Varicella vaccine can, and ideally should (see below), be given at the same time as other live vaccines such as MMR. The vaccines should be given at a separate site, preferably in a different limb. If given in the same limb, they should be given at least 2.5cm apart (American Academy of Pediatrics, 2003). The site at which each vaccine was given should be noted in the individual’s records.
If live vaccines are given simultaneously, then each vaccine virus will begin to replicate and an appropriate immune response is made to each vaccine. After a live vaccine is given, natural interferon is produced in response to that vaccine. If a second live vaccine is given during this response, the interferon may prevent replication of the second vaccine virus. This may attenuate the response to the second vaccine. Based on evidence that MMR vaccine can lead to an attenuation of the varicella vaccine response (Mullooly and Black, 2001), the recommended interval between live vaccines is currently four weeks. For this reason, if live vaccines cannot be administered simultaneously, a four-week interval is recommended.
VZIG is given by intramuscular injection in the upper outer quadrant of the buttock or the anterolateral thigh.
When VZIG is being used for prevention of varicella, it must be remembered that it may interfere with the subsequent development of active immunity from live virus vaccines. If immunoglobulin has been administered first, then an interval of three months should be observed before administering a live virus vaccine. If immunoglobulin has been given within three weeks of administering a live vaccine, then the vaccine should be repeated three months later. This does not apply to yellow fever vaccine since VZIG does not contain significant amounts of antibody to this virus.

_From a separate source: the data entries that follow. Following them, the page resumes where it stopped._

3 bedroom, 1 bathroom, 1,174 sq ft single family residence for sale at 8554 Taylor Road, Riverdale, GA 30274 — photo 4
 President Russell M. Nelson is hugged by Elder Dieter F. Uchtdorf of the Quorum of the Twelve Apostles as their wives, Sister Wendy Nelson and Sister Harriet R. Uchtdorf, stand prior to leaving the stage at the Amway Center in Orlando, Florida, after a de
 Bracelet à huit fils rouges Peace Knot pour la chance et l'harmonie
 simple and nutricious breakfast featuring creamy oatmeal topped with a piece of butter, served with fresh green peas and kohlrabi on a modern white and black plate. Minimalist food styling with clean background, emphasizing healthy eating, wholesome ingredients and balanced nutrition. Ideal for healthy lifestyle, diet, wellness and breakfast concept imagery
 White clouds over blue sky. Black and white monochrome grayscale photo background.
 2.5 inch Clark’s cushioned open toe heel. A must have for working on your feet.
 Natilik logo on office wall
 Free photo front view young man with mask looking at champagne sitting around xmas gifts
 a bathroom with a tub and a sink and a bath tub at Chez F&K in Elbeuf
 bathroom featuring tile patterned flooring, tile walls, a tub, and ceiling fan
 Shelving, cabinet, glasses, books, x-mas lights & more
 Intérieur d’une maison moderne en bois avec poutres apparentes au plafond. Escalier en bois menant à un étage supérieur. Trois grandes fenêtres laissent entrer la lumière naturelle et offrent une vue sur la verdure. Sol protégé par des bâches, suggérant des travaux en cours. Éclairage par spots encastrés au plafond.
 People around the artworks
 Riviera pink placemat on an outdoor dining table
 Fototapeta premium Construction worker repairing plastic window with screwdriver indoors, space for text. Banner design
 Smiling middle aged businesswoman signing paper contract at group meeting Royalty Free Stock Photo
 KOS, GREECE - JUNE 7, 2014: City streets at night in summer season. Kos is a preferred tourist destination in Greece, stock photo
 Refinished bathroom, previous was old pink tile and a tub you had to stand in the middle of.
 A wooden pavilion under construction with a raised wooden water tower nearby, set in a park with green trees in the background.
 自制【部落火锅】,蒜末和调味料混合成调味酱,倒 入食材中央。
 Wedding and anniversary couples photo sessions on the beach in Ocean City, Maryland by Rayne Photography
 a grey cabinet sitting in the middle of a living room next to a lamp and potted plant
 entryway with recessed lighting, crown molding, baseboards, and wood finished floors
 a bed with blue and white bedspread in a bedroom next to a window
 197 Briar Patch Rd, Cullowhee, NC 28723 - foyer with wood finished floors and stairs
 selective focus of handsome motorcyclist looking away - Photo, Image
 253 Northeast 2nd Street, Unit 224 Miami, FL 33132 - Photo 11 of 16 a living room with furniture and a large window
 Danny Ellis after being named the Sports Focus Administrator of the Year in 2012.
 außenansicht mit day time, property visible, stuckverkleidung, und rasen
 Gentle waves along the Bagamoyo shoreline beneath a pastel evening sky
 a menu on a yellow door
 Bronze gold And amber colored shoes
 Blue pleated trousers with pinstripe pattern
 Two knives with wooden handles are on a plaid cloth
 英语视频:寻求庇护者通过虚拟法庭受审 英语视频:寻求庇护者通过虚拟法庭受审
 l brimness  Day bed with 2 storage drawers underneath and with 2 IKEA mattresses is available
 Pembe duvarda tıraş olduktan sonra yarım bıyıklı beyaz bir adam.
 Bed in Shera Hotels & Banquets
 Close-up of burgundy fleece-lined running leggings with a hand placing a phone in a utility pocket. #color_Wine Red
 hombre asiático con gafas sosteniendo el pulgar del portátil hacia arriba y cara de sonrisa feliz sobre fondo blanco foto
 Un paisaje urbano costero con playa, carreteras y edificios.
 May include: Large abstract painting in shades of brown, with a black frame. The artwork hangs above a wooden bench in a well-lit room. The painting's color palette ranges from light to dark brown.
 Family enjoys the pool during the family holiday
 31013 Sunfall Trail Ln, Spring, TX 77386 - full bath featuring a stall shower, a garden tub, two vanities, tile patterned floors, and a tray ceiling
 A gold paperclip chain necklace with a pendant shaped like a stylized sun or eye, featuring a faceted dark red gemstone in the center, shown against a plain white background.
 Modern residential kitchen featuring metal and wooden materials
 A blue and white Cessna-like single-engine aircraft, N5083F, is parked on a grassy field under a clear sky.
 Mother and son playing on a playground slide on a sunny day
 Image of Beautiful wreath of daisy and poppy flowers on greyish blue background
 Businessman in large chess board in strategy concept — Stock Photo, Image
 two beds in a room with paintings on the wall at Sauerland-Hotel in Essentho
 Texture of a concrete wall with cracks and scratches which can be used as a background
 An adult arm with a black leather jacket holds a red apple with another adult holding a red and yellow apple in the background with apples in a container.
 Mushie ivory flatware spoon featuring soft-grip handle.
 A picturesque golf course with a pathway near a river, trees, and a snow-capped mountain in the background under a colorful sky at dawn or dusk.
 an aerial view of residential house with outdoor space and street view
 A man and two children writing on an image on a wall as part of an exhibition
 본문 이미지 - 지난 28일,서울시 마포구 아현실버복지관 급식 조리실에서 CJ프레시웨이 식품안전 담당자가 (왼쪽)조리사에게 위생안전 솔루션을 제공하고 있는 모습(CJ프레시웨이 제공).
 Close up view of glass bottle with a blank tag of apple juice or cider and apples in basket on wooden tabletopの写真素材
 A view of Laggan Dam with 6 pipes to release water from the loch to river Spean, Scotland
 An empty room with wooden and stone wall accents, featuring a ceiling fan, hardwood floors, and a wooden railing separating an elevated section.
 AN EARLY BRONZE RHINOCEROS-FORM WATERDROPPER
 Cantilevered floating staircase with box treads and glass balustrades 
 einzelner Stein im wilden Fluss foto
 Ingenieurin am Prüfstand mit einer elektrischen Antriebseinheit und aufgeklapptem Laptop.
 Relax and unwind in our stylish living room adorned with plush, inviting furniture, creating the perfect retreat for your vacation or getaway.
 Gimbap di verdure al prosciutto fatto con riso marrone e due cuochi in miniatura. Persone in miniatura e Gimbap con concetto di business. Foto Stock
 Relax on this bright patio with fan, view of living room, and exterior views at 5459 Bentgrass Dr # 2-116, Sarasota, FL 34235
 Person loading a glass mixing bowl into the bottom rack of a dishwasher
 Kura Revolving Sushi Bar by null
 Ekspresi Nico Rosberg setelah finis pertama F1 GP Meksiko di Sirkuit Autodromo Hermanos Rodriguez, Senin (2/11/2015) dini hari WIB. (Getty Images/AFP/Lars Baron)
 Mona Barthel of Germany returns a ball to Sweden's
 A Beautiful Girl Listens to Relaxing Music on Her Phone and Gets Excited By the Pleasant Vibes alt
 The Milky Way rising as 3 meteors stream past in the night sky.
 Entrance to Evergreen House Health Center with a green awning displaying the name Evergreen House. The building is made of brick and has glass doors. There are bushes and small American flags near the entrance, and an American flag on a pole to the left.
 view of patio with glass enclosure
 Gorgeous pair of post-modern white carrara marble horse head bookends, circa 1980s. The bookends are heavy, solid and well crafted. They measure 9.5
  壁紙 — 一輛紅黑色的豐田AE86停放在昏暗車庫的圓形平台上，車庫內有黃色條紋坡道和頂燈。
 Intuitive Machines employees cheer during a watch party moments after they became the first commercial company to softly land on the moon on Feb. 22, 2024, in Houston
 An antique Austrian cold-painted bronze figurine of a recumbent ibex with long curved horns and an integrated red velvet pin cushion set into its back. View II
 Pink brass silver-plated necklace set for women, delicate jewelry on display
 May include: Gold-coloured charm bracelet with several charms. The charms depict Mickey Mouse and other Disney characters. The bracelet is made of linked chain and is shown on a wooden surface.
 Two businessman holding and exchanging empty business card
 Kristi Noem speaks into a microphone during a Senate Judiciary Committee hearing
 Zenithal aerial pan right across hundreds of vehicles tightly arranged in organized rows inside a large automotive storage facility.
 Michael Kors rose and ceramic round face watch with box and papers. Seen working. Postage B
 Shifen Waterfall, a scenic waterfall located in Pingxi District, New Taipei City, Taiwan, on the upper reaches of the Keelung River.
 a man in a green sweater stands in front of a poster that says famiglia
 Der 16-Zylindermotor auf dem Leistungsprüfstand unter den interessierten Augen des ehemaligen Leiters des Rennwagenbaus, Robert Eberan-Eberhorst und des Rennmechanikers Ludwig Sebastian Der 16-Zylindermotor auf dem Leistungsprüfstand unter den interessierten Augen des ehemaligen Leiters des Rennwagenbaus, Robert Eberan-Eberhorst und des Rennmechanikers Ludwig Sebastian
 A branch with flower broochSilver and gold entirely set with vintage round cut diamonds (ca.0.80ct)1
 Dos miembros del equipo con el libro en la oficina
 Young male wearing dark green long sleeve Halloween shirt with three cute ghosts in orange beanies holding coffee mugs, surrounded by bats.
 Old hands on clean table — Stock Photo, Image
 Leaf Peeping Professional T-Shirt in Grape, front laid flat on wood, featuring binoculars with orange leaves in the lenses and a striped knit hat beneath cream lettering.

Equipment used for vaccination, including used vials, ampoules, or partially discharged vaccines should be disposed of at the end of a session by sealing in a proper, puncture-resistant ‘sharps’ box according to local authority regulations and guidance in the technical memorandum 07-01 (Department of Health, 2006).

Recommendations for the use of the vaccine

Pre-exposure vaccination

The aim of varicella immunisation is to protect from exposure those who are at most risk of serious illness. This is done by immunising specific individuals who are in regular or close contact with those at risk. Since 2003, this recommendation includes vaccinating non-immune healthcare workers who themselves will derive benefit as they will be protected from contact with infectious patients. Varicella vaccine is also recommended for healthy susceptible close household contacts of immunocompromised patients.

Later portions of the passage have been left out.